Entonces ella le recitó uno de sus versos, y él le dio un sonoro beso en la boca y le arrancó un precioso pañuelo rojo que Sylvia llevaba para después besarle en el cuello; entonces la poeta decidió morderle la mejilla durante un buen rato tan fuerte que Ted salió de aquella habitación donde comenzó su pasión con unas gotas de sangre resbalando por su rostro. Así comenzó todo: con furia y pasión. Y así siguió hasta el final. Ted y Sylvia se enamoraron, tuvieron hijos -Frieda y Nicholas-, escribieron, se siguieron amando, después vieron crecer a sus hijos y empezaron a discutir por cualquier motivo. Sylvia comenzó a no soportar al hombre fuerte y protector que siempre había anhelado. Uno al que deseaba y admiraba. Un hombre, sin embargo, que con bastante frecuencia solía emborracharse y conquistar a mujeres. Por una de ellas, la poeta Assia Wevill, Ted abandonará a Sylvia. La separación se hará efectiva en octubre de 1962. Ella, desesperada, se marcharía dos meses después con sus hijos a un piso cerca de Primrose Hill. Un mes después, en enero del recién estrenado 1963, Plath vería por fin publicada su novela autobiográfica La campana de cristal, bajo el seudónimo de Victoria Lucas. Un mes después, en febrero, pondría fin a su vida haciendo honor a los versos que ya había escrito un tiempo antes.

  Morir
 es un arte, como todo.                                                                                                                                    

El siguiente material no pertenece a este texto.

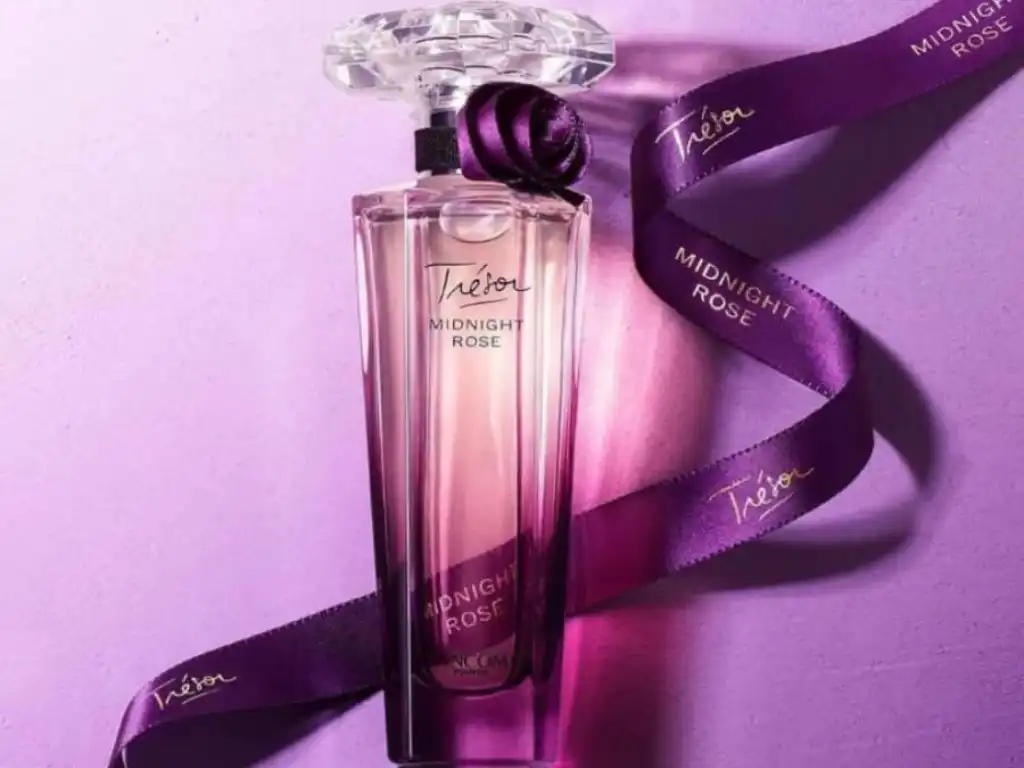 Trésor Midnight Rose nữ tính  và quyến rũ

Yo lo hago excepcionalmente bien.

Nadie ha podido leer los diarios de Plath en los años y días anteriores a su muerte, pues Ted los destruyó. Resulta complicado establecer entonces qué pasó por la cabeza de esta mujer aquel 11 de febrero de 1963 cuando, después de preparar el desayuno a sus hijos y de taponar las puertas de la cocina con toallas, Sylvia abriría el gas y metería la cabeza en el horno con la intención, pienso ahora, de fulminar todos sus recuerdos hermosos con Ted. Quizás solo intentaba borrar de su imagen aquel otro febrero de hacía siete años, cuando sintió la carne y sangre de su futuro marido entre sus dientes. El día en el que quiso, en definitiva, demostrar algo que es bien sabido: que nos besamos porque no podemos comernos. Porque es mucho mejor ser poeta que caníbal. Pero Plath jamás lo creyó.